COMMAND_OPTIONDescription
-input classpathThis is the input classpath that is searched for jar files to be included in the tarball.
-fs filesystemThe target file system. Defaults to the default filesystem set by fs.defaultFS.
-target targetThis is the target location of the framework tarball, optionally followed by a # with the localized alias. An example would be /usr/lib/framework.tar#framework. Make sure the target directory is readable by all users but it is not writable by others than administrators to protect cluster security.
-blacklist listThis is a comma separated regex array to filter the jar file names to exclude from the class path. It can be used for example to exclude test jars or Hadoop services that are not necessary to localize.
-whitelist listThis is a comma separated regex array to include certain jar files. This can be used to provide additional security, so that no external source can include malicious code in the classpath when the tool runs.
-nosymlinkThis flag can be used to exclude symlinks that point to the same directory. This is not widely used. For example, /a/foo.jar and a symlink /a/bar.jar that points to /a/foo.jar would normally add foo.jar and bar.jar to the tarball as separate files despite them actually being the same file. This flag would make the tool exclude /a/bar.jar so only one copy of the file is added.
-initialReplication numThis is the replication count that the framework tarball is created with. It is safe to leave this value at the default 3. This is the tested scenario.

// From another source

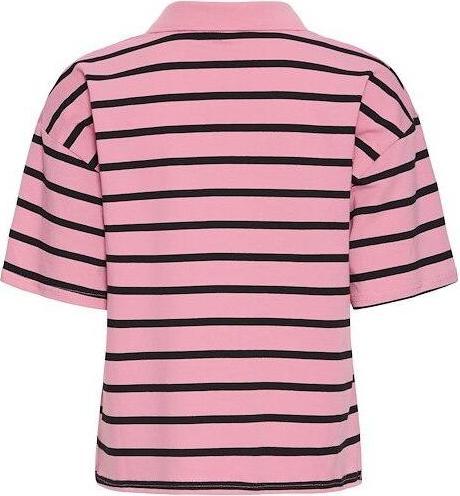 Produktbild B.young Printon (M)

-finalReplication numThe uploader tool sets the replication once all blocks are collected and uploaded. If quick initial startup is required, then it is advised to set this to the commissioned node count divided by two but not more than 512.
-acceptableReplication numThe tool will wait until the tarball has been replicated this number of times before exiting. This should be a replication count less than or equal to the value in finalReplication. This is typically a 90% of the value in finalReplication to accomodate failing nodes.
-timeout secondsA timeout in seconds to wait to reach acceptableReplication before the tool exits. The tool logs an error otherwise and returns.